Exercise goal => Reproduce the entries that follow exactly. No picture should appear in the result.

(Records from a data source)
****************

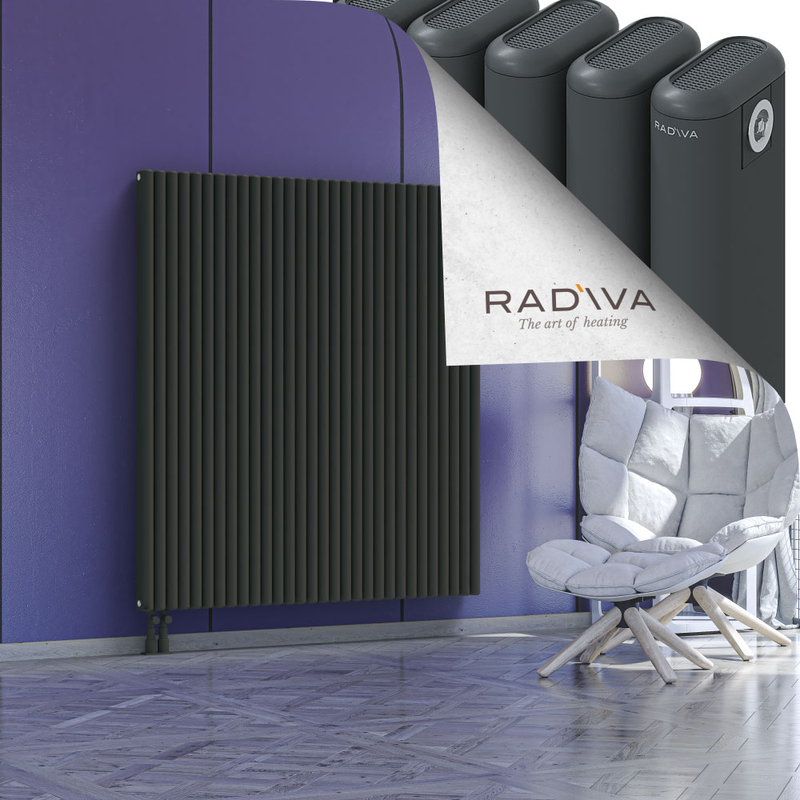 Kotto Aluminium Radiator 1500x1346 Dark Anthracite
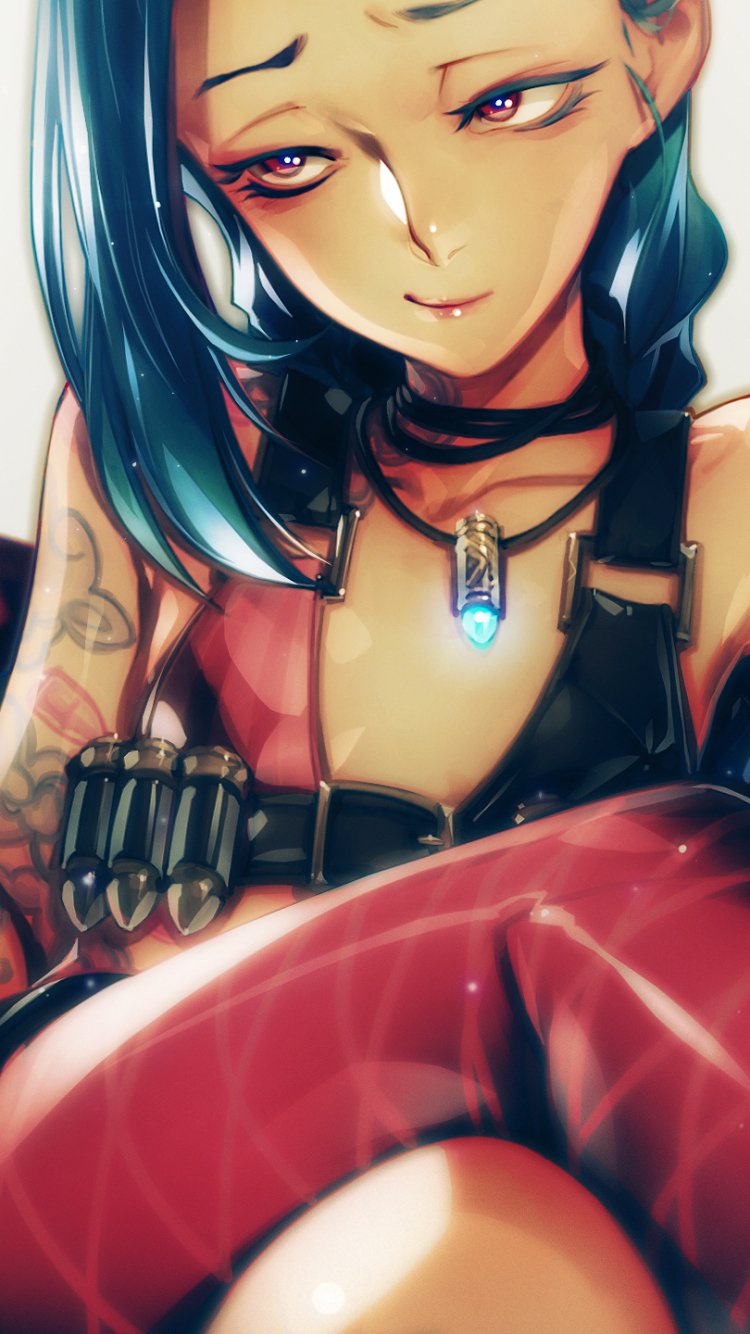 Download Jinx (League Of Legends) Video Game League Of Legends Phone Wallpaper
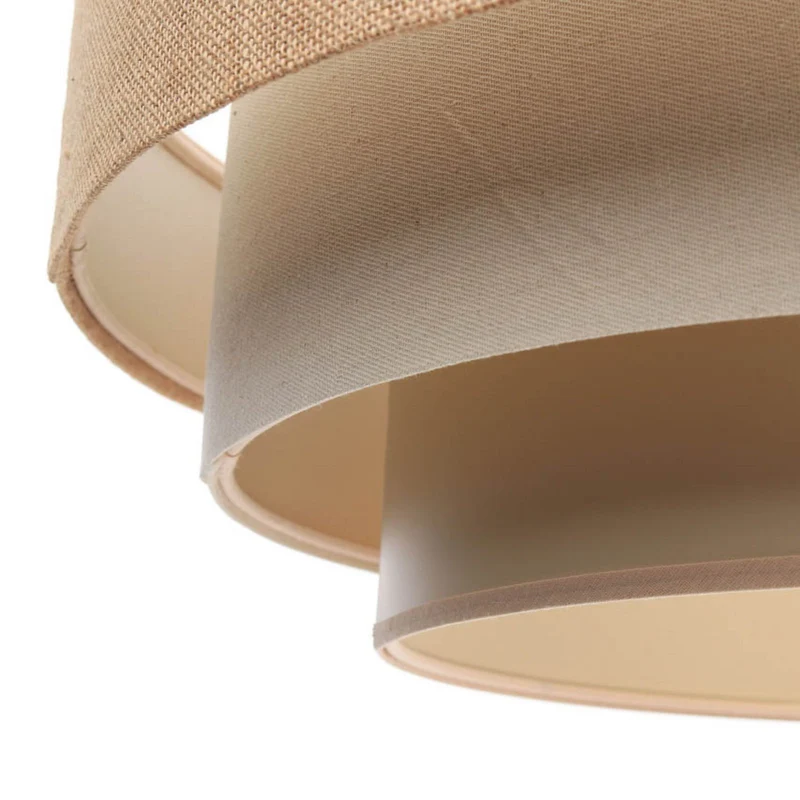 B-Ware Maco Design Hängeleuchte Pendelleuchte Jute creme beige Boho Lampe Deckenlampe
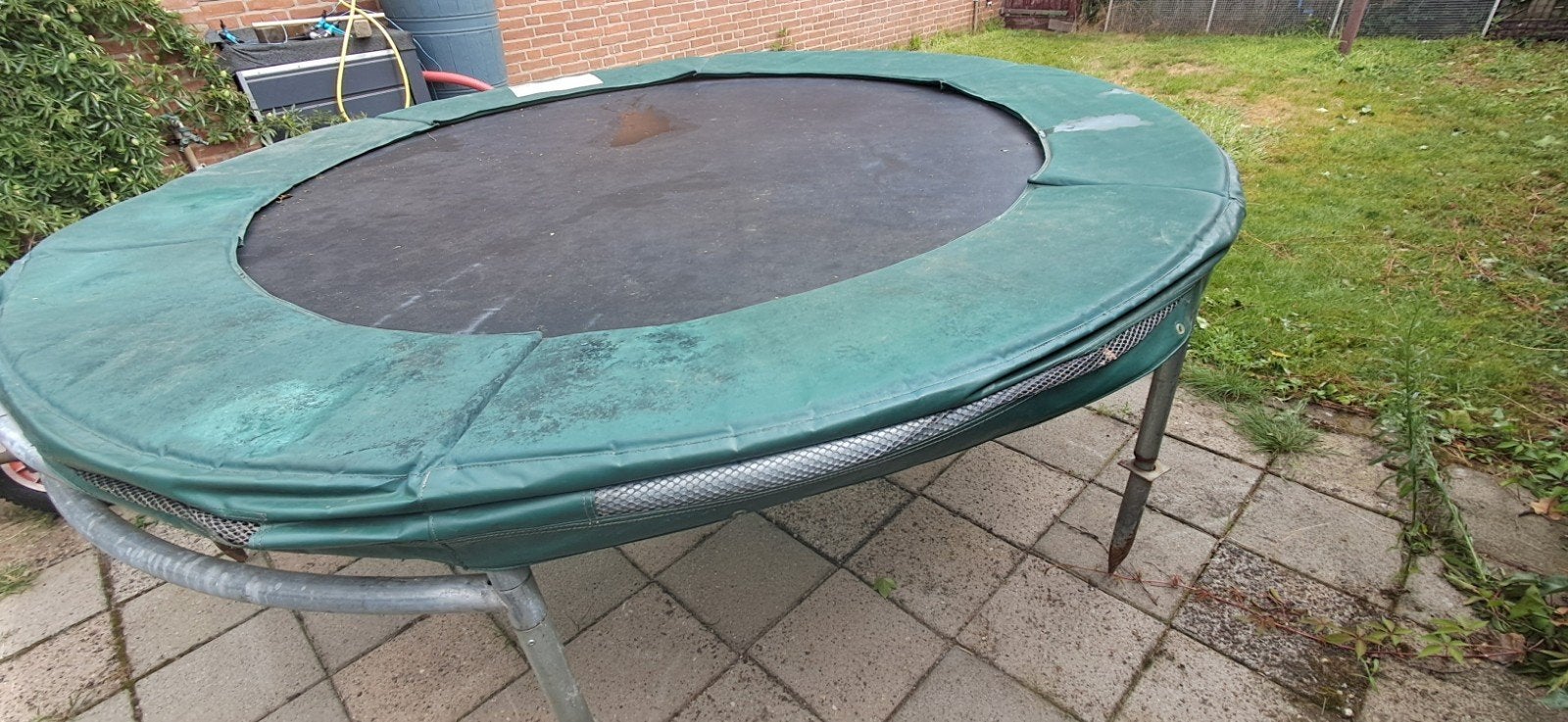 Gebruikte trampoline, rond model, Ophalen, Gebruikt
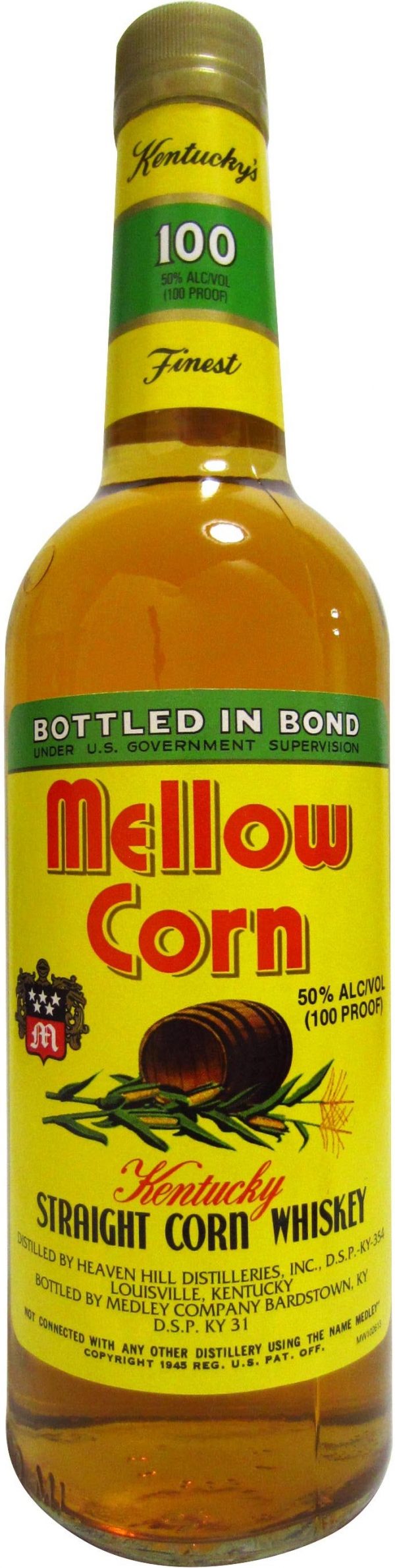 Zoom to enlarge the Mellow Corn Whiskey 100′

****************

Task response =>
 Kotto Aluminium Radiator 1500x1346 Dark Anthracite
 Download Jinx (League Of Legends) Video Game League Of Legends Phone Wallpaper
 B-Ware Maco Design Hängeleuchte Pendelleuchte Jute creme beige Boho Lampe Deckenlampe
 Gebruikte trampoline, rond model, Ophalen, Gebruikt
 Zoom to enlarge the Mellow Corn Whiskey 100′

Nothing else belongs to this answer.